Solved: How do Cpk and Sigma relate to ppm defective, and how do I justify a Cpk?

Report Inappropriate Content · Nov 9, 2017 03:01 PM

Where I work, we generally perform DOEs to verify that a machine is capable before we release it to manufacture saleable product.

Generally the DOE studies require that we meet a certain Cpk or Sigma-quality level for each run. So I analyze the resulting data by fitting a curve, and JMP outputs a Cpk and predicted PPM defective. I use the Cpk to justify that the study results are acceptable.

I have a couple of questions that have been bothering me for too long:

1a. I've often found that where JMP reports a Cpk, the PPM it predicts does not match with sources I find online (i.e Cpk=1.33 and ppms are 6210 online vs. ~0.05 in JMP).

Why? It's not even close.

See the attachments for examples I'm referring to. One fits a smooth curve. The other fits a non-parametric curve to the same data.

1b. Why does the normal distribution, with the higher Cpk, also have a higher PPM?

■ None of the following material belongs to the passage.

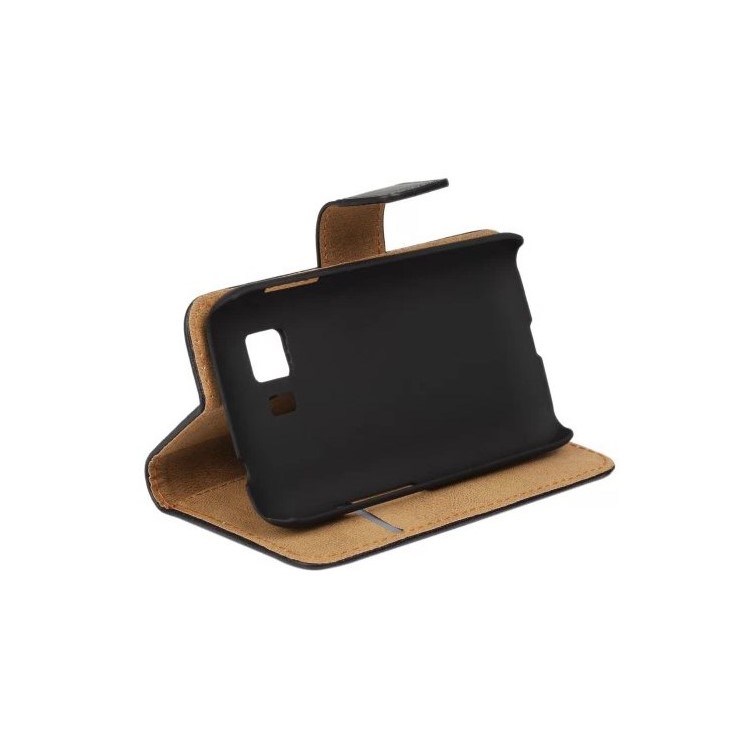 Genuine Split Leather Horizontal Flip Stand Wallet Case for Samsung Galaxy Young 2 - Black-3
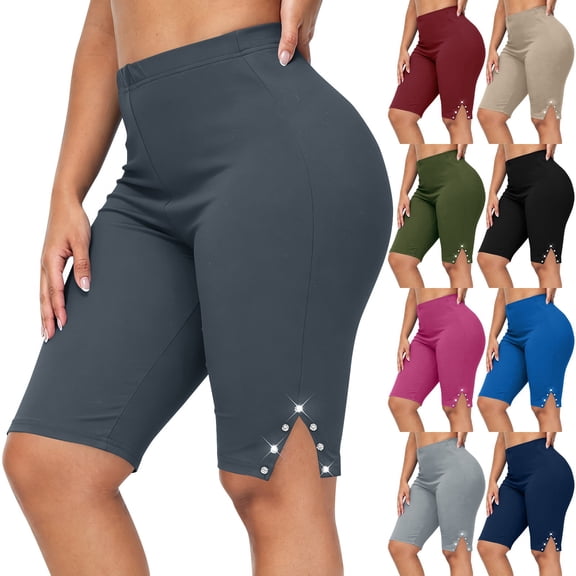 Ihhxva Women's Plus Size High Waisted Yoga Shorts with Pockets Tummy Control Moisture-Wicking Gym Athletic XL-5XL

2. In review of the same study report, I was asked "Why is a Cpk of 1.33 right for this process?"

Normally I would say "Well a Cpk of X is correlated to ppm defective of XXX PPM," or something along those lines. However finding the inconsistency related to question 1 above threw a wrench into this idea - so I came here.

How would you recommend justifying a Cpk?

11-9-2017 2-42-09 PM.png 11-9-2017 2-41-56 PM.png

Kevin_Anderson · Nov 9, 2017 04:06 PM

Hi, Matt2!

Many statisticians dislike Cpk and Process Capability Indicators intensely, for many reasons:
- Prone to poor/naïve interpretations.
- Fundamental assumptions are often violently violated.
- Evil manipulations of these indicators are prevalent among some quality practitioners.
- Too often reported as point estimates with no regard to their sampling error.
- Over-simplify process characteristics.

Many references (Montgomery, Wheeler, Kotz & Lovelace) document the “misuses”, “fantasy…and outright delusions”, and “statistical terrorism” of Cpk and Process Capability Indicators.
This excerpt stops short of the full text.